Participants Participants were PD patients recruited from a Parkinson´s disease and Movement Disorders Clinic from Hospital de Clínicas de Porto Alegre (HCPA), a reference hospital, in the Rio Grande do Sul, Brazil. It was obtained from participants the written free and informed consent to participate in the research. This study was approved by the hospital central research ethics committee.

Inclusion and exclusion criteria Patient evaluation It was performed cognitive screening which consists of Mini-Mental State Examination (MMSE) and Montreal Cognitive Assessment (MoCA) in all patients before the intervention. It was also applied the instruments Parkinson Disease Questionnaire-39 (PDQ-39), translated to Portuguese, and the Beck Depression Inventory (BDI). These tests were applied to verify the influence of cognitive aspects, depression and quality of life in the therapeutic process.

To evaluate the intervention's effectiveness, an evaluation of swallowing was conducted in two moments (before and after intervention). Three kinds of assessments were performed: (1). Fiberoptic endoscopic evaluation of swallowing (FEES); (2) Clinical evaluation and (3) assessment of the quality of life related to swallowing (SWALQOL).

• Fiberoptic endoscopic evaluation of swallowing (FEES): This objective examination of swallowing was performed according to the following protocol: First, it was tested the prior state of secretion in the nasopharyngeal structures, oropharynx, and laryngopharynx. Next, the individual received liquid consistency offered through a syringe, 3 and 5ml of water with edible blue food coloring. For the pasty consistency, 3 and 5ml of thickened water were provided through a syringe with edible blue food coloring. It was offered ¼- water and salt biscuits with good blue food coloring to assess the solid consistency. No anesthetic was used for the examination. The images were later analyzed by an otolaryngologist physician, experienced in the dysphagia area. It was observed the presence of thickening on the posterior laryngeal wall, tremor in structures (base of tongue and vallecula), early escape (characterized by the presence of food in the hypopharynx or larynx before the swallowing reflex was triggered), vallecular stasis in glossoepiglottic folds and pyriform sinus (characterized by accumulation of food after the third swallowing on the mentioned structures), penetration (characterized by the presence of food in the laryngeal vestibule), tracheal aspiration (characterized by food intake in the region located below the vocal folds, in the subglottic region and in the trachea, at any time of swallowing) and cough reflex. The alterations were classified as present or absent. The equipment used was the flexible nasopharyngoscope Maschida ENT-III, 3.2mm, with Xerônio Storz light source.
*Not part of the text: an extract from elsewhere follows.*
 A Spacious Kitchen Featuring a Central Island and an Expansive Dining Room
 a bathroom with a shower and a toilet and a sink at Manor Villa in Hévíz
• Clinical evaluation and Functional Oral Intake Scale (FOIS): clinical evaluation of swallowing was performed by a certified speech therapist, previously trained to apply the protocols. All the evaluations were conducted by the same professional. This assessment had the purpose of checking signs and symptoms of oropharyngeal dysphagia. It was used solid food consistency (half portion of bread) and liquid (100ml of water) evaluated by free demand. The analyzed signs and symptoms were: history of aspiration pneumonia; alert state; interaction attention/ability; awareness of the swallowing problem; awareness of secretion; ability to manipulate flows; postural control; fatigability; anatomy and oral, pharyngeal and laryngeal physiology; orofacial tonus; oral apraxia; orofacial sensitivity; gag pharyngeal contraction; saliva swallowing; cough and hawk; swallowing apraxia; oral residue; delayed swallowing reflex; reduction in laryngeal elevation; wet voice; and multiple swallowing. A total of 21 signs and symptoms were evaluated as present or absent. At the end of the objective and clinical evaluation, the intake of food was scored according to Functional Oral Intake Scale (FOIS). This scale scores the level of oral food intake of patients at specific levels, from 0 (restricted to alternative food pathway) to 7 (total oral intake with no restrictions), with the aim of monitoring the patients' evolution during the therapeutic process. A translated and validated version for Brazilian Portuguese was used.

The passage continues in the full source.